Information supplied:
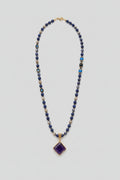 Collar de cuentas lapislázuli y concha azul. (Diseñoi de Lubeluia )IVA incluido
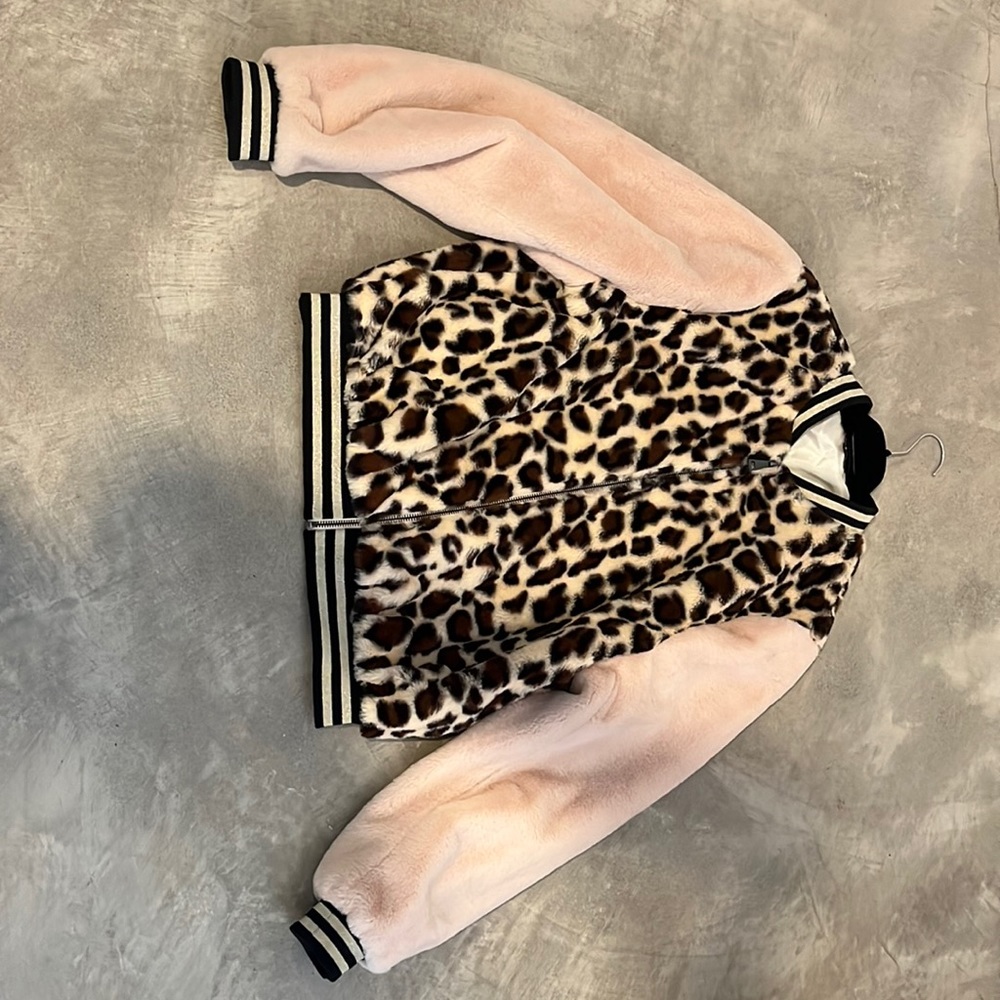 Barely worn faux fur zip teddy jacket.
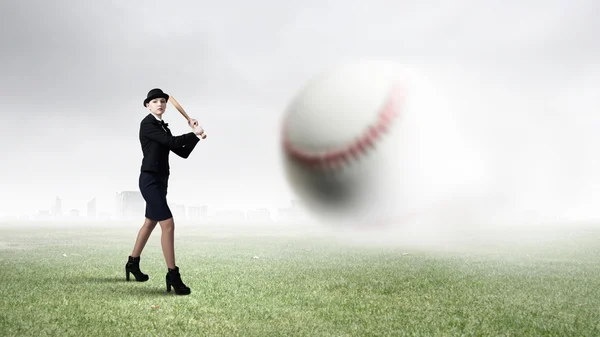 Baseball ragazza formazione — Foto Stock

Task to complete: The lines from the one with "Barely worn faux fur zip teddy jacket." to the end of the data above should be retyped exactly, both ends included, and pictures are to be left out.

Response for this exercise:
 Barely worn faux fur zip teddy jacket.
 Baseball ragazza formazione — Foto Stock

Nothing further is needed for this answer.